Many people choose not to go to church on Good Friday. In fact someone once commented that more people will be in church on Mother’s Day than Good Friday. We North Americans have a tendency to avoid and deny pain. We focus on positive thinking, hard work, and “living your best life now.” We prefer holidays that offer us fun, nostalgia, heroism, gift giving, and feasting. Good Friday offers none of those things.
Human beings are experts at avoiding pain. In her second book, Brené Brown writes: “Our first response to pain – ours or someone else’s – is to self-protect.” We will do just about anything to push away or circumvent feelings – ours or someone else’s – of pain, suffering and shame. We do many foolish and harmful things to dodge it, numb it, or toss it away, like a hot potato, to someone else.
But what if we could sit with those painful feelings for a while, instead of rejecting them? On Good Friday we witness God entering pain, deeply and completely in the person of Jesus. God willingly allowed Godself to be betrayed, abandoned, beaten, condemned, and crucified to share in – to sit with – the pain of human life alongside us.

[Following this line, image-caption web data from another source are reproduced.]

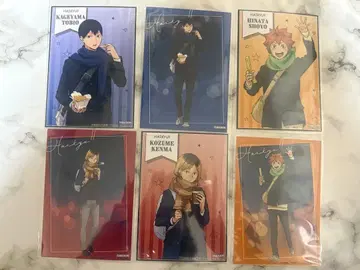 하이큐!! 코스모 월드 비주얼 카드 히나타 카게야마 연마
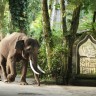 Not just a vacation in Bali: get closer to elephants.
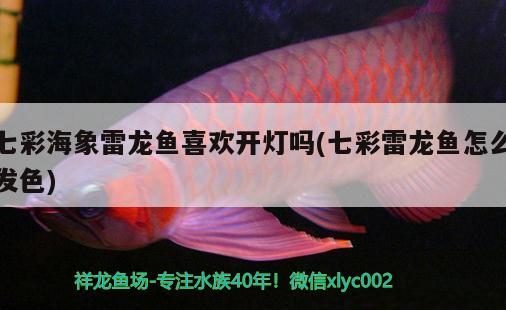 七彩海象雷龙鱼喜欢开灯吗(七彩雷龙鱼怎么发色) 祥龙赫舞红龙鱼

On Good Friday, we are invited to have the courage to witness and behold, to sit with Christ’s pain and death, as Christ does with ours. In doing so, we are not only witnessing God’s pain and sacrifice, but the suffering and pain of all of God’s children and creatures, held and lifted up by Jesus on the cross. God invites us to have courage not to self-protect in the face of pain, but to witness, to sit with, and to behold Jesus. Today we see courage in the form of arms outstretched upon the cross. It is not easy to watch and listen. Today will take courage. In Jesus’ courage and vulnerability, can we find courage we will need?